Ross Thompson (born 10 April 1999) is a Scotland international rugby union player. He plays for Glasgow Warriors in the United Rugby Championship. Thompson's primary position is Flyhalf. Thompson has previously played for the Ayrshire Bulls.

Rugby Union career

Amateur career

Thompson played for Glasgow Hawks. He made 14 appearances for the first team in 2017-18 season scoring 21 pts including 1 try and 10 appearances in 2018-19 season scoring 21 points. Peter Horne coached him at the club:
When he came out of school, I coached him at Glasgow Hawks for a year, and I couldn’t believe how far ahead he was of where I would have been at his age. He had such a polished kicking game, he had a really nice passing game, and he was pretty studious – anything you asked him to do, he’d go away and learn it and come back – so he was just a good all-round player.

Professional career
Thompson was signed by the Ayrshire Bulls to play in the Super 6 league in 2019. He scored 61 points for the club in the 2019-20 season, the 3rd highest points scorer in the league that season.

Thompson signed for Glasgow Warriors in 2021. He made his debut for Glasgow Warriors in Round 10 of the 2021–22 URC against  coming on as a replacement on 2 January 2021. He became Glasgow Warrior No. 319. He won man of the match in his first start for the club. He became the third fastest player to reach 100 points for the Warriors, with a conversion in the URC match against Leinster on 4 June 2021, 153 days after his competitive debut. (Tommy Hayes with a competitive debut on 8 September 1997 secured his 100 points on 24 October 1997. This was only 77 days.

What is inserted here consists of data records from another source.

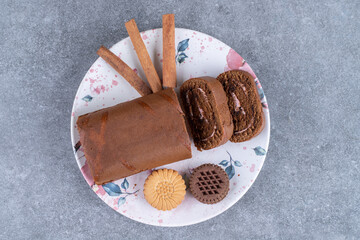 Chocolate roll cake, biscuits and cinnamon sticks on colorful plate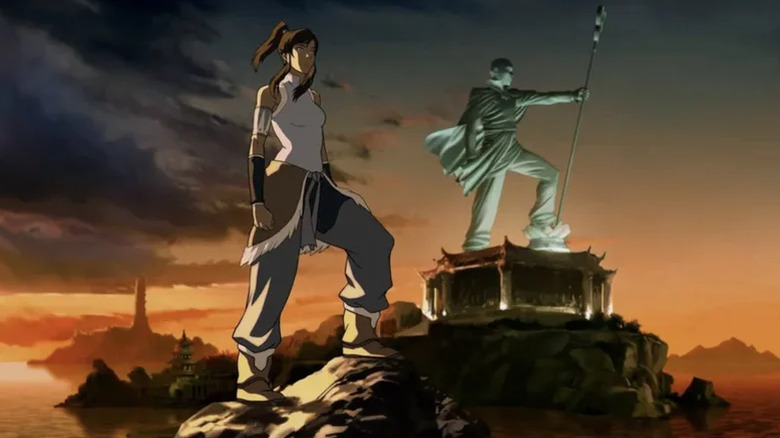 Avatar Korra de pie con una estatua de Aang en el fondo en la leyenda de Korra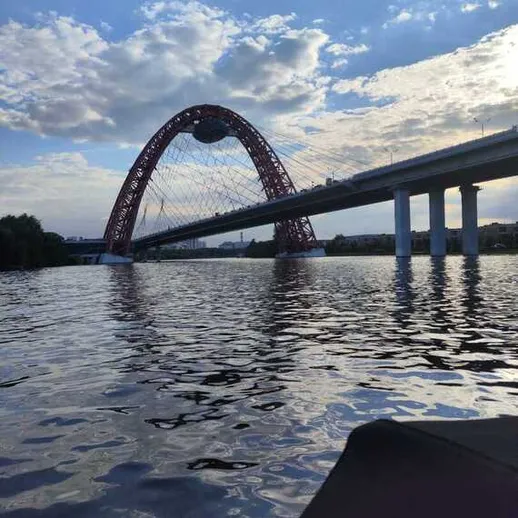 Мост через реку, вид с воды, яркое небо и облака в день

Dan Parks with a competitive debut on 19 September 2003 secured his 100 points on 16 January 2004, totalling 119 days. Thompson is one of only 4 Warriors in history to break the 100 points milestone in their debut season for the club, the other being Calvin Howarth who reached that total in 189 days.) He would go on to add to this in the match with a penalty that secured the win over the Irish provincial Leinster side, with Glasgow winning 15-12. He won Young Player of the Season for the 2021-22 season in the annual Glasgow Warriors awards; and then was later announced to also win the Player of the Season award too, becoming the second player to win both the Young Player and Player of the Season award in the same season; George Horne pulling off the same feat in the 2017-18 season.

International career
Thompson has been capped by Scotland U20. In June 2021 he was called up to the Scotland squad for the Summer internationals.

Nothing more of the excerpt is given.